Sanford Forte wrote in small part:
Jimbo wrote:
For your purposes, what kinds of textbooks would be most useful to you as as 'pilot that proves the concept'? Choose wisely, because you may find yourself in two years holding a copy of whatever book you request of us!
Wow! This is what I like...action!
I would start by taking a look at the math frameworks http://www.cde.ca.gov/cdepress/math.pdf
Despite that they define "mathematics" as "using abstract symbols to describe, order, explain, and predict", I think that we could do this.
The introduction says that the framework is about "content" as opposed to "pedagog[y]" -- which means that it won't tell us what sort of pedagogical approaches that they're looking for.
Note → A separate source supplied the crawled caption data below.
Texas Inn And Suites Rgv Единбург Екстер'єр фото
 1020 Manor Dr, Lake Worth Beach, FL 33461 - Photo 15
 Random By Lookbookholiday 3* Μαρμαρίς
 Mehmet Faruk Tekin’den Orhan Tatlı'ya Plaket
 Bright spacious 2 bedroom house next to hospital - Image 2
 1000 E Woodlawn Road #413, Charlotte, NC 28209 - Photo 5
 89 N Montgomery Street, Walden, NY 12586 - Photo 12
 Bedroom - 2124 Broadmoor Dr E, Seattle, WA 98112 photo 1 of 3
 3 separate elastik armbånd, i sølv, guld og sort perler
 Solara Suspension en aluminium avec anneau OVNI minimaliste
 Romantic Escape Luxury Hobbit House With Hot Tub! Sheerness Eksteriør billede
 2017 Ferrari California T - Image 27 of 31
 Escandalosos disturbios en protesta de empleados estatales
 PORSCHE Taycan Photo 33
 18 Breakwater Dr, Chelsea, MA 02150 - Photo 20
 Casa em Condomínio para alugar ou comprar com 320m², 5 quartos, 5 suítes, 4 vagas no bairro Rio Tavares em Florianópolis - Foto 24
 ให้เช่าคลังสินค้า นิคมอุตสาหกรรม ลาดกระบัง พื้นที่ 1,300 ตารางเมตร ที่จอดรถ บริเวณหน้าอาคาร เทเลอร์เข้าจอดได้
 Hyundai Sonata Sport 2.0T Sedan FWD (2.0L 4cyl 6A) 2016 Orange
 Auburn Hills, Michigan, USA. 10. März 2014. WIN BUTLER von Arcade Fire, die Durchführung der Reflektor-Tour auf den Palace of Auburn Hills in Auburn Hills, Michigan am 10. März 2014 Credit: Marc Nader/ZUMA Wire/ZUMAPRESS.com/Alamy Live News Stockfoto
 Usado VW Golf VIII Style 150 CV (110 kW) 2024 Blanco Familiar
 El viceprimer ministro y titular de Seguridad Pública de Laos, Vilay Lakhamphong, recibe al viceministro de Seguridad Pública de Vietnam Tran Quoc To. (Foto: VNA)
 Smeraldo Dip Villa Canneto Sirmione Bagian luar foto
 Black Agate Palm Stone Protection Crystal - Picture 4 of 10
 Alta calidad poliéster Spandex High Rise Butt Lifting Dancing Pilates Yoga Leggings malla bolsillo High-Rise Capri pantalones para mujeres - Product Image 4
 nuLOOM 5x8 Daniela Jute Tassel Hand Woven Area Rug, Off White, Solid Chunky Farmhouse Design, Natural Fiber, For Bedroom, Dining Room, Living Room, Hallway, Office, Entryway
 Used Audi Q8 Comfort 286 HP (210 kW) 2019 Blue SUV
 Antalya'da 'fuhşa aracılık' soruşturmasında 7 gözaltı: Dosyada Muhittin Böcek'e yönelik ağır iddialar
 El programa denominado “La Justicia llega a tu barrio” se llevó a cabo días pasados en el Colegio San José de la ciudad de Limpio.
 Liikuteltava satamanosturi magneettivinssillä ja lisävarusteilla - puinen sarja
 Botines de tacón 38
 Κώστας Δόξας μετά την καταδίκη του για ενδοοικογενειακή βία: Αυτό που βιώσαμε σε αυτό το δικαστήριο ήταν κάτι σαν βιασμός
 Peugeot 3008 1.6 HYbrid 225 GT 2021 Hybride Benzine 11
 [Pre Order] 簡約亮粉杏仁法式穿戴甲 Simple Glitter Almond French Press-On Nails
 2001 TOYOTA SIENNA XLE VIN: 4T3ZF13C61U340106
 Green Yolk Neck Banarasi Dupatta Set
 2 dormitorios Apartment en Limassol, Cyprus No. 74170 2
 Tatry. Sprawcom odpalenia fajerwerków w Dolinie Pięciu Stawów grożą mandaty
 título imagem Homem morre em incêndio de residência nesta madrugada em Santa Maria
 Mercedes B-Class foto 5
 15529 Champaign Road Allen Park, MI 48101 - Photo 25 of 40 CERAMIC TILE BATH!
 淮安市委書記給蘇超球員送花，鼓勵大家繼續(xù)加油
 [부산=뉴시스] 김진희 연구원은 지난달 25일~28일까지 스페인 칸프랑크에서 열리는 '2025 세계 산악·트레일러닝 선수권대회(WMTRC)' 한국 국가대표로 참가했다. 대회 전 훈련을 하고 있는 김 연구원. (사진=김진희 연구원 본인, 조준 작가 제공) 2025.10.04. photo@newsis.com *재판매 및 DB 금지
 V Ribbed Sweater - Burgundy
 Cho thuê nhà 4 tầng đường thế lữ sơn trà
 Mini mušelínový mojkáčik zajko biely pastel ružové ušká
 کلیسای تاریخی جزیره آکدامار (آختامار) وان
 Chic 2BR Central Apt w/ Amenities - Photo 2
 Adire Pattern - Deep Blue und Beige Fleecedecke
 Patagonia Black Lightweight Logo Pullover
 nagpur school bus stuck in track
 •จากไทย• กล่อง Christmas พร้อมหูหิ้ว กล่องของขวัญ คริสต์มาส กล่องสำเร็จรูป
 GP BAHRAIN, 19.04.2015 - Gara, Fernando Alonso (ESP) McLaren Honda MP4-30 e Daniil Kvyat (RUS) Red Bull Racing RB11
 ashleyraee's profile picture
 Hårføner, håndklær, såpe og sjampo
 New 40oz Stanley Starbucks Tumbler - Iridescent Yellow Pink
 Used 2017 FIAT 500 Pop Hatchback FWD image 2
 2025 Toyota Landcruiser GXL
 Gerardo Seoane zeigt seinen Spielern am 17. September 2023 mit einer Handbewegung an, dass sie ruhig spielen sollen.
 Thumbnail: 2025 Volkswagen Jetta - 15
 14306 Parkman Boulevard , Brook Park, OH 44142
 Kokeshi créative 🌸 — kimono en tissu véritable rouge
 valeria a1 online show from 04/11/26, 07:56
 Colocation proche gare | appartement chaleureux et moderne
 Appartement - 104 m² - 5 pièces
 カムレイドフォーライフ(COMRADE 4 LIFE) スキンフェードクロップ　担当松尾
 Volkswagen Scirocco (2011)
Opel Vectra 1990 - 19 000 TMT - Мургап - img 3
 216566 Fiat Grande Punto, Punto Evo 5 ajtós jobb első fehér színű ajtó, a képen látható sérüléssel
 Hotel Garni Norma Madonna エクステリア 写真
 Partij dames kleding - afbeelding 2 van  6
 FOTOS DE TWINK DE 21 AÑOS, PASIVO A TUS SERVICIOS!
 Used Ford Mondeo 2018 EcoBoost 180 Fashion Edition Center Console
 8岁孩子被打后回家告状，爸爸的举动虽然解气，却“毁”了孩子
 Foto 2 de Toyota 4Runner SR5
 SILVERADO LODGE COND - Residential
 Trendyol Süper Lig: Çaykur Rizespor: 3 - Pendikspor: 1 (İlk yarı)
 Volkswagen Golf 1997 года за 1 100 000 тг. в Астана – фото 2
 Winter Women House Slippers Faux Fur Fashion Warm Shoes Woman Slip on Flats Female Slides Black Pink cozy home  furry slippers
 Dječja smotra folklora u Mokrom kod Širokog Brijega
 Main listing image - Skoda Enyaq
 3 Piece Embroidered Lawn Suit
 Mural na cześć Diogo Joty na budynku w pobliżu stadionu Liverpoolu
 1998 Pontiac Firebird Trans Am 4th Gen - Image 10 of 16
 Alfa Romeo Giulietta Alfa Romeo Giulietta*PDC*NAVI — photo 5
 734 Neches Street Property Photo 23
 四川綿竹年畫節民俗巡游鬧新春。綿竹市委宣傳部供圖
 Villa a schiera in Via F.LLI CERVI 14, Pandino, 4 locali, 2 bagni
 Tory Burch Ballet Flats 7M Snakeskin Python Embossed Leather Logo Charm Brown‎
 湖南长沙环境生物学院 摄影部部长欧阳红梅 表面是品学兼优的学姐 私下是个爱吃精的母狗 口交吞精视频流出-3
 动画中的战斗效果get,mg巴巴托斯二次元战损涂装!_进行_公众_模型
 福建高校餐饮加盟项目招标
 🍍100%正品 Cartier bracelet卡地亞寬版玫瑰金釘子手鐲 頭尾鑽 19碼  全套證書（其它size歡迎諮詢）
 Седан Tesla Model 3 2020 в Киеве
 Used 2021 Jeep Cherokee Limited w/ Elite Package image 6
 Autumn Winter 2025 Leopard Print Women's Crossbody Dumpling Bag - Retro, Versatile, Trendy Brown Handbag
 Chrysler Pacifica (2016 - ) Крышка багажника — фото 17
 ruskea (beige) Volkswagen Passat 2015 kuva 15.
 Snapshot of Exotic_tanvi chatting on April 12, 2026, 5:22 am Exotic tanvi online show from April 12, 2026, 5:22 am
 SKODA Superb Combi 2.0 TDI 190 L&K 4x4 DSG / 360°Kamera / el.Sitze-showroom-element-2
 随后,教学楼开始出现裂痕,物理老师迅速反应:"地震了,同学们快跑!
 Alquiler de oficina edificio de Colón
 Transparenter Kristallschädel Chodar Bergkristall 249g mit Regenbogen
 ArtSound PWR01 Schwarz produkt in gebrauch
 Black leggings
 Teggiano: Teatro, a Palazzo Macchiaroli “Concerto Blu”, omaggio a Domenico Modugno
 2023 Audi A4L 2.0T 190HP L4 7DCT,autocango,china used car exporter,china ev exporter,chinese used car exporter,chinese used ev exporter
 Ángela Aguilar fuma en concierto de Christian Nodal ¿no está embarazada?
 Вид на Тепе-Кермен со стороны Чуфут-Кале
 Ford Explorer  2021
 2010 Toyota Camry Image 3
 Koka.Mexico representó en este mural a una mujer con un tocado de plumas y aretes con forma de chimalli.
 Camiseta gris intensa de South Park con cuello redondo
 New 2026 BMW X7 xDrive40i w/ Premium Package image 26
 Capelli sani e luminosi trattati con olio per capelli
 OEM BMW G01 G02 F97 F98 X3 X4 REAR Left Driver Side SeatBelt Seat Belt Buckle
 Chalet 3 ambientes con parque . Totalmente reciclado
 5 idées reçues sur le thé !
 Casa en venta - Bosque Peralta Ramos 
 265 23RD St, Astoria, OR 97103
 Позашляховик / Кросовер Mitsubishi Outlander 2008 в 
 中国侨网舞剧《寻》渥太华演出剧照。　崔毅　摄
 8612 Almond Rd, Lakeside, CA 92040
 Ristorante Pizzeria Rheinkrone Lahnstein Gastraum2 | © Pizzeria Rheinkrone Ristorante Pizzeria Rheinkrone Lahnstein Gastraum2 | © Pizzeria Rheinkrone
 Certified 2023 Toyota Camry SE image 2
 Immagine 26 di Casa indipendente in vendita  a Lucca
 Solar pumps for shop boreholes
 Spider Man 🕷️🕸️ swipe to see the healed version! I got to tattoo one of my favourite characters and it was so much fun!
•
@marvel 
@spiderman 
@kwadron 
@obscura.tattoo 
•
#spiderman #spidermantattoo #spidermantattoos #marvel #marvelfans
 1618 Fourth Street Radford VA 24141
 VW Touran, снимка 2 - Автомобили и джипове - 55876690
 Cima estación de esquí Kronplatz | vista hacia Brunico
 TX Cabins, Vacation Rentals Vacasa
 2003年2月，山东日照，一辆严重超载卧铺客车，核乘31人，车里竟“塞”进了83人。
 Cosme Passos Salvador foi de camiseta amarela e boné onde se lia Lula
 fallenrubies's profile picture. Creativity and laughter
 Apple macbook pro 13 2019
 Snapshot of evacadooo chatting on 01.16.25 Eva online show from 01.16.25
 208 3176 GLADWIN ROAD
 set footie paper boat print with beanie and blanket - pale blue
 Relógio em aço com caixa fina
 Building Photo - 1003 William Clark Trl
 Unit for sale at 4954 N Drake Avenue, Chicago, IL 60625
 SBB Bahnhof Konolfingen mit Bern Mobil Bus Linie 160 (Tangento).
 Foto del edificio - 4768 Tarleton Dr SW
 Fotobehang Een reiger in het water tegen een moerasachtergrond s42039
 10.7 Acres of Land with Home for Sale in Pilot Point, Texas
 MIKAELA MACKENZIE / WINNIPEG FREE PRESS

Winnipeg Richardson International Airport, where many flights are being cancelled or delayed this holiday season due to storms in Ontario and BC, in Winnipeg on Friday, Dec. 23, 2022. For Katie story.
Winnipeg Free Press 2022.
So we may have to copy from existing textbooks at first, if we want to ensure that we're acceptable to State bureaucracy. (Naturally, we should avoid paranoia along these lines too. ^_^)
Mathematics divides into grades K-7 and grades 8-12 (beginning with algebra), not into grades K-8 (Sanford says avoid) and grades 9-12 (Sanford says do). To maximise our applicability while minimising the K-8 conflicts, we might start with Mathematical Analysis (aka Precalculus), last in the main sequence that most students are made to take, and work our way both down and up from there.